● **Work instructions**: Could you copy all of the records below exactly as they appear?

● **Source material**:
══════════════════════════════
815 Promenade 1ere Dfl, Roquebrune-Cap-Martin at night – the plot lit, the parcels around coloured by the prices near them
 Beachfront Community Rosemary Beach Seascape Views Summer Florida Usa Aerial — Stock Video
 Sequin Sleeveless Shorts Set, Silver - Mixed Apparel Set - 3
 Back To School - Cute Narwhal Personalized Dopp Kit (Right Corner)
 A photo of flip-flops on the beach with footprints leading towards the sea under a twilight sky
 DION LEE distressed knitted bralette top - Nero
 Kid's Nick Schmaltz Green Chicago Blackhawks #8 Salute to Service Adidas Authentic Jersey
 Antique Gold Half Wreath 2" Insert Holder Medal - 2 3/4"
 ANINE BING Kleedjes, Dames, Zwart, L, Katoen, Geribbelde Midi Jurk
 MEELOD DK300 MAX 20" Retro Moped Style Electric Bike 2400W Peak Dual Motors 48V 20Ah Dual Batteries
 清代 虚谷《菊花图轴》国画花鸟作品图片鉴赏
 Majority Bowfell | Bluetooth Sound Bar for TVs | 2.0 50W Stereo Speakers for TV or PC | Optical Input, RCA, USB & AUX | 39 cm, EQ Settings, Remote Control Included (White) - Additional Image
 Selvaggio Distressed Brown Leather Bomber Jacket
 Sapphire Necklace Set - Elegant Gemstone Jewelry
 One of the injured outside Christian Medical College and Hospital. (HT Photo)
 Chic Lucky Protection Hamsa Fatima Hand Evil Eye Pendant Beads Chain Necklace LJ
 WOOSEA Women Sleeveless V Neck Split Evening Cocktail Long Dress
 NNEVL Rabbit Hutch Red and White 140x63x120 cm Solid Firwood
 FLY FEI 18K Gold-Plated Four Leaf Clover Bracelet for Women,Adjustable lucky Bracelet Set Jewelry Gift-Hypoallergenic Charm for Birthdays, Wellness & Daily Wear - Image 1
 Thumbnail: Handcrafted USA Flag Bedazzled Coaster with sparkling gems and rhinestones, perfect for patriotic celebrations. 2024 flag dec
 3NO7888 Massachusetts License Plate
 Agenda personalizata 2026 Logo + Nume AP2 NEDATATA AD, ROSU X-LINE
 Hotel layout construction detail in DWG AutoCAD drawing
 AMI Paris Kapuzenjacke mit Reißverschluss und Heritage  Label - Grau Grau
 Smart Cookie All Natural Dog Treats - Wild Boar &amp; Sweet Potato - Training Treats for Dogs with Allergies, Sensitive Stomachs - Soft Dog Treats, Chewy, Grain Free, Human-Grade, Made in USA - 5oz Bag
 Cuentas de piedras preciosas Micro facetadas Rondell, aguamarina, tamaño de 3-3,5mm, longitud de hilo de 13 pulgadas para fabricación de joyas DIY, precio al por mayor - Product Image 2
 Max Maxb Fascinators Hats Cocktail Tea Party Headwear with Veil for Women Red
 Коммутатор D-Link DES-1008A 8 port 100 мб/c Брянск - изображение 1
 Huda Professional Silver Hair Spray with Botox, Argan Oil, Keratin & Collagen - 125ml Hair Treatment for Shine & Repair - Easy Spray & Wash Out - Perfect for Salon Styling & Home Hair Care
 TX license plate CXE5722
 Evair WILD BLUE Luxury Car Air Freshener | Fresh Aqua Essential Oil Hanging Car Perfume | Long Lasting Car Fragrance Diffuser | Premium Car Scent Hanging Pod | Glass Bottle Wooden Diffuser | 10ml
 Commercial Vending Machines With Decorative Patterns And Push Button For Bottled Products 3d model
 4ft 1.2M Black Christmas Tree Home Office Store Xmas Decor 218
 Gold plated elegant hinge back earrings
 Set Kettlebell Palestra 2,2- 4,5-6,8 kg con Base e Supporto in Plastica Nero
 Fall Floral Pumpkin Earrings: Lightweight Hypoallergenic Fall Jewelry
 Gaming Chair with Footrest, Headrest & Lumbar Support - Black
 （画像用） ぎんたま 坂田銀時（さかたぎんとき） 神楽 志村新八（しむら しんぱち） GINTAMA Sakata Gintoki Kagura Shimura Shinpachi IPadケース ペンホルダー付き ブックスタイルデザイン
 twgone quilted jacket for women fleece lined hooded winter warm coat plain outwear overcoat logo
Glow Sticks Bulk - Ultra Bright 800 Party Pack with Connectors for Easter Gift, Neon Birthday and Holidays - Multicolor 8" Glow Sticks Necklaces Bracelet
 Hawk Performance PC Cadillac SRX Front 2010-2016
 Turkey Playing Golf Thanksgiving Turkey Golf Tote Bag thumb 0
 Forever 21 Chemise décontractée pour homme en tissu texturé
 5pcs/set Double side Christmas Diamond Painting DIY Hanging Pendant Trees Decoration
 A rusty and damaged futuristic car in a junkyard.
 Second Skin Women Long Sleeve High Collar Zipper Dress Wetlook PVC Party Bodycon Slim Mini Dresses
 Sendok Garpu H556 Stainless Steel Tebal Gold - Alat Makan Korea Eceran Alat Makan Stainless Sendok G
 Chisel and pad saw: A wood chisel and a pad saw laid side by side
══════════════════════════════
● **Output below**:
815 Promenade 1ere Dfl, Roquebrune-Cap-Martin at night – the plot lit, the parcels around coloured by the prices near them
 Beachfront Community Rosemary Beach Seascape Views Summer Florida Usa Aerial — Stock Video
 Sequin Sleeveless Shorts Set, Silver - Mixed Apparel Set - 3
 Back To School - Cute Narwhal Personalized Dopp Kit (Right Corner)
 A photo of flip-flops on the beach with footprints leading towards the sea under a twilight sky
 DION LEE distressed knitted bralette top - Nero
 Kid's Nick Schmaltz Green Chicago Blackhawks #8 Salute to Service Adidas Authentic Jersey
 Antique Gold Half Wreath 2" Insert Holder Medal - 2 3/4"
 ANINE BING Kleedjes, Dames, Zwart, L, Katoen, Geribbelde Midi Jurk
 MEELOD DK300 MAX 20" Retro Moped Style Electric Bike 2400W Peak Dual Motors 48V 20Ah Dual Batteries
 清代 虚谷《菊花图轴》国画花鸟作品图片鉴赏
 Majority Bowfell | Bluetooth Sound Bar for TVs | 2.0 50W Stereo Speakers for TV or PC | Optical Input, RCA, USB & AUX | 39 cm, EQ Settings, Remote Control Included (White) - Additional Image
 Selvaggio Distressed Brown Leather Bomber Jacket
 Sapphire Necklace Set - Elegant Gemstone Jewelry
 One of the injured outside Christian Medical College and Hospital. (HT Photo)
 Chic Lucky Protection Hamsa Fatima Hand Evil Eye Pendant Beads Chain Necklace LJ
 WOOSEA Women Sleeveless V Neck Split Evening Cocktail Long Dress
 NNEVL Rabbit Hutch Red and White 140x63x120 cm Solid Firwood
 FLY FEI 18K Gold-Plated Four Leaf Clover Bracelet for Women,Adjustable lucky Bracelet Set Jewelry Gift-Hypoallergenic Charm for Birthdays, Wellness & Daily Wear - Image 1
 Thumbnail: Handcrafted USA Flag Bedazzled Coaster with sparkling gems and rhinestones, perfect for patriotic celebrations. 2024 flag dec
 3NO7888 Massachusetts License Plate
 Agenda personalizata 2026 Logo + Nume AP2 NEDATATA AD, ROSU X-LINE
 Hotel layout construction detail in DWG AutoCAD drawing
 AMI Paris Kapuzenjacke mit Reißverschluss und Heritage  Label - Grau Grau
 Smart Cookie All Natural Dog Treats - Wild Boar &amp; Sweet Potato - Training Treats for Dogs with Allergies, Sensitive Stomachs - Soft Dog Treats, Chewy, Grain Free, Human-Grade, Made in USA - 5oz Bag
 Cuentas de piedras preciosas Micro facetadas Rondell, aguamarina, tamaño de 3-3,5mm, longitud de hilo de 13 pulgadas para fabricación de joyas DIY, precio al por mayor - Product Image 2
 Max Maxb Fascinators Hats Cocktail Tea Party Headwear with Veil for Women Red
 Коммутатор D-Link DES-1008A 8 port 100 мб/c Брянск - изображение 1
 Huda Professional Silver Hair Spray with Botox, Argan Oil, Keratin & Collagen - 125ml Hair Treatment for Shine & Repair - Easy Spray & Wash Out - Perfect for Salon Styling & Home Hair Care
 TX license plate CXE5722
 Evair WILD BLUE Luxury Car Air Freshener | Fresh Aqua Essential Oil Hanging Car Perfume | Long Lasting Car Fragrance Diffuser | Premium Car Scent Hanging Pod | Glass Bottle Wooden Diffuser | 10ml
 Commercial Vending Machines With Decorative Patterns And Push Button For Bottled Products 3d model
 4ft 1.2M Black Christmas Tree Home Office Store Xmas Decor 218
 Gold plated elegant hinge back earrings
 Set Kettlebell Palestra 2,2- 4,5-6,8 kg con Base e Supporto in Plastica Nero
 Fall Floral Pumpkin Earrings: Lightweight Hypoallergenic Fall Jewelry
 Gaming Chair with Footrest, Headrest & Lumbar Support - Black
 （画像用） ぎんたま 坂田銀時（さかたぎんとき） 神楽 志村新八（しむら しんぱち） GINTAMA Sakata Gintoki Kagura Shimura Shinpachi IPadケース ペンホルダー付き ブックスタイルデザイン
 twgone quilted jacket for women fleece lined hooded winter warm coat plain outwear overcoat logo
Glow Sticks Bulk - Ultra Bright 800 Party Pack with Connectors for Easter Gift, Neon Birthday and Holidays - Multicolor 8" Glow Sticks Necklaces Bracelet
 Hawk Performance PC Cadillac SRX Front 2010-2016
 Turkey Playing Golf Thanksgiving Turkey Golf Tote Bag thumb 0
 Forever 21 Chemise décontractée pour homme en tissu texturé
 5pcs/set Double side Christmas Diamond Painting DIY Hanging Pendant Trees Decoration
 A rusty and damaged futuristic car in a junkyard.
 Second Skin Women Long Sleeve High Collar Zipper Dress Wetlook PVC Party Bodycon Slim Mini Dresses
 Sendok Garpu H556 Stainless Steel Tebal Gold - Alat Makan Korea Eceran Alat Makan Stainless Sendok G
 Chisel and pad saw: A wood chisel and a pad saw laid side by side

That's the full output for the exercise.